Carly

モーリタニアン 黒塗りの記録のCarlyのレビュー・感想・評価

4.0
911-あのテロ事件は一体どれほどの人の人生を狂わせたのか、それを改めて知ることができる作品。フェンスの向こう側に閉じ込められた真実、そんなものははじめからなかったかのように溶けて消えた正義。裁判もなくただ拘束され続けた彼が正気を失わずにいたことが信じられない。彼は本当に強い心の持ち主だったのだろう。
弁護士を演じるジョディ・フォスターの眼差しや言葉のひとつひとつにこの作品の重さを感じる。やっぱり素晴らしい女優さんだ。権力には屈しない、正義を貫く、そんな意思の強さが見え隠れする。

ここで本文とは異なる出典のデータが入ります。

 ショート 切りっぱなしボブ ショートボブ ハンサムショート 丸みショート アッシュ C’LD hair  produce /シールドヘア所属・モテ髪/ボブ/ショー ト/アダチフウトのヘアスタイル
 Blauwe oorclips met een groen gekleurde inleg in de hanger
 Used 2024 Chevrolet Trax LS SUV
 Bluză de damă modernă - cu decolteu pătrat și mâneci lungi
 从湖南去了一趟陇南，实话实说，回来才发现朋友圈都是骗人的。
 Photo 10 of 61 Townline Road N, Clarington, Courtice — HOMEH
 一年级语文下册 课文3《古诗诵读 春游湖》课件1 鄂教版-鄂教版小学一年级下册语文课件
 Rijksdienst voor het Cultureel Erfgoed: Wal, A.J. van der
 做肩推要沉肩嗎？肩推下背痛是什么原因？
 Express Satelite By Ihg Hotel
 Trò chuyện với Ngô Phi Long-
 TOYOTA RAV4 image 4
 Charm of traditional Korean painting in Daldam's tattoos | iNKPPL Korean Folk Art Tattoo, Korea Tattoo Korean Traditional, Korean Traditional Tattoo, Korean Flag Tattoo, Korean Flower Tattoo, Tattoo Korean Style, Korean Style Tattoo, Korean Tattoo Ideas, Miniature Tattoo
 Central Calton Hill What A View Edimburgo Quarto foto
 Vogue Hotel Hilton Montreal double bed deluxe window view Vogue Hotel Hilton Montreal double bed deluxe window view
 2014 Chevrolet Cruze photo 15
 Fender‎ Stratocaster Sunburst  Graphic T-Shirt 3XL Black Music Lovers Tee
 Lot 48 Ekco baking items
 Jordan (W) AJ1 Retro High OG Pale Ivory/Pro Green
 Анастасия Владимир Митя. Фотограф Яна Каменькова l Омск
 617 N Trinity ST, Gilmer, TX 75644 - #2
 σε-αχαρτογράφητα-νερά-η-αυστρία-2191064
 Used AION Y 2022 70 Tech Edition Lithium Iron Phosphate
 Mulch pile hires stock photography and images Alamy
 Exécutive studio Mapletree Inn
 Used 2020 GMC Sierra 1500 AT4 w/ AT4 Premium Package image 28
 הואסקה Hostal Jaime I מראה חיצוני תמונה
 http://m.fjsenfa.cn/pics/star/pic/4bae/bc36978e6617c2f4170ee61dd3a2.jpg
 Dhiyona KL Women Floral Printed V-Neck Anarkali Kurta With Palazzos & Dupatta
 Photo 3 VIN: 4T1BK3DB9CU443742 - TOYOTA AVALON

黒塗りの文書が出てきた時は正直かなりゾッとした。これは間近にあるものだ。あのアメリカでさえもこうなのか、と絶望を覚えもする。都合の悪い事実を隠しているのはどこの国も同じ。ただ、それと戦う姿勢の違いは確かに感じた。そういうところにやはり日本とアメリカの違いがある。さて、わたしたちはいつまであの黒塗りの文書を何でもないものだと流し見るのだろうか。自問自答をせざるを得ない作品でもあった。